Web page caption snippets:
□ □ □ □ □

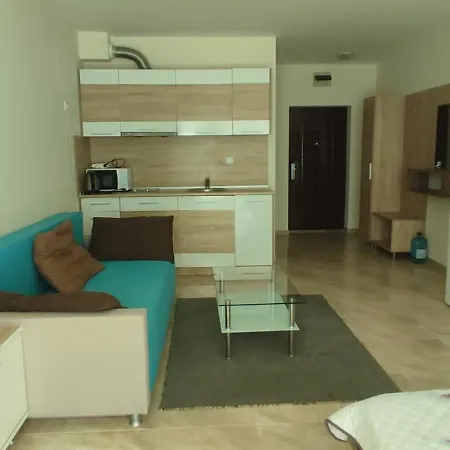 Apartament Dom-el Real 3 - Amerikana
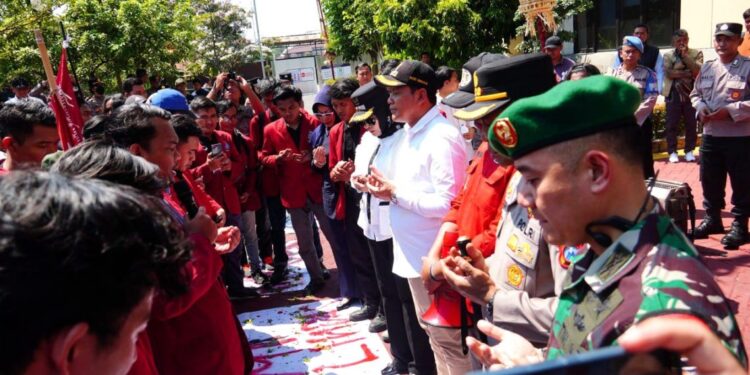 Aksi Damai PC IMM Sidoarjo ‘Tuntut Kapolri Mundur’
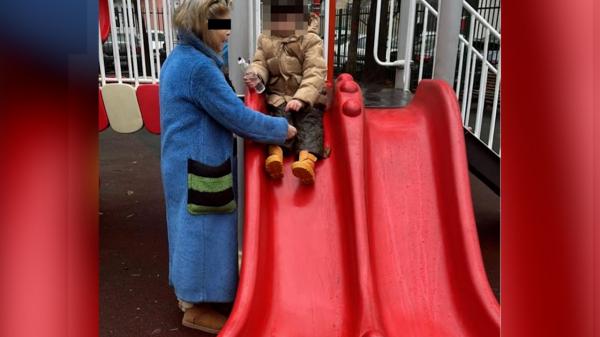 Răsturnare de situaţie în cazul copilului de cinci ani căzut de la etajul 9. Mama ar putea fi suspectă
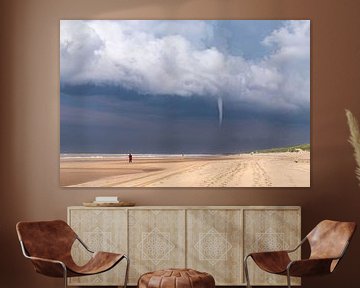 Threatening sky with waterspout by Yanuschka | Fotografie Noordwijk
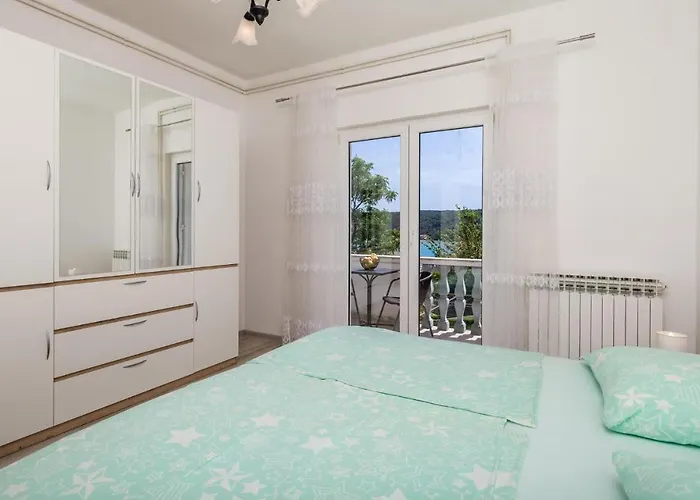 Apartman 1 Bedroom Amazing In Kampor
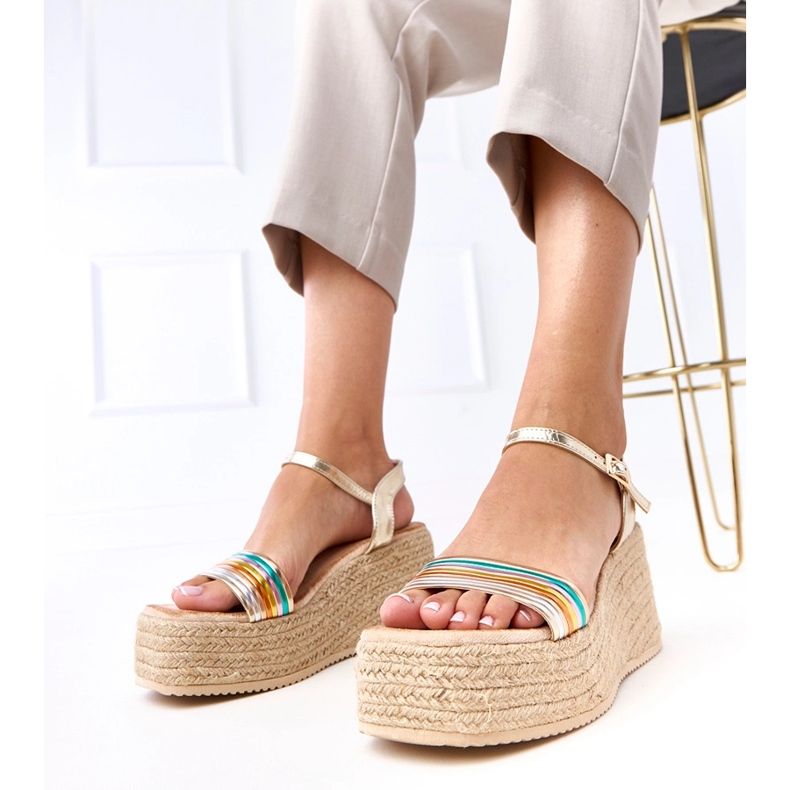 Mehrfarbige Espadrilles -Sandalen auf der Solora -Plattform 1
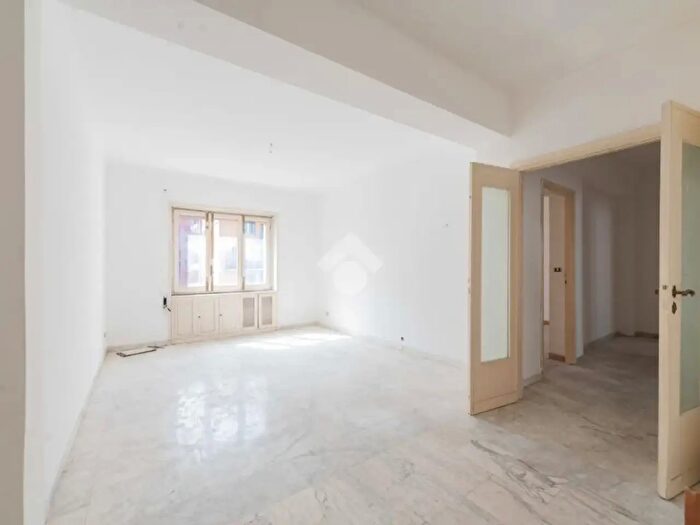 Appartamento quadrilocale in vendita in Viale Libia, Roma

□ □ □ □ □

WHAT YOU NEED TO DO:
Copy only this, please: the line with "Mehrfarbige Espadrilles -Sandalen" and every line after it through the end of the data, with no pictures.

EXPECTED ANSWER:
 Mehrfarbige Espadrilles -Sandalen auf der Solora -Plattform 1
 Appartamento quadrilocale in vendita in Viale Libia, Roma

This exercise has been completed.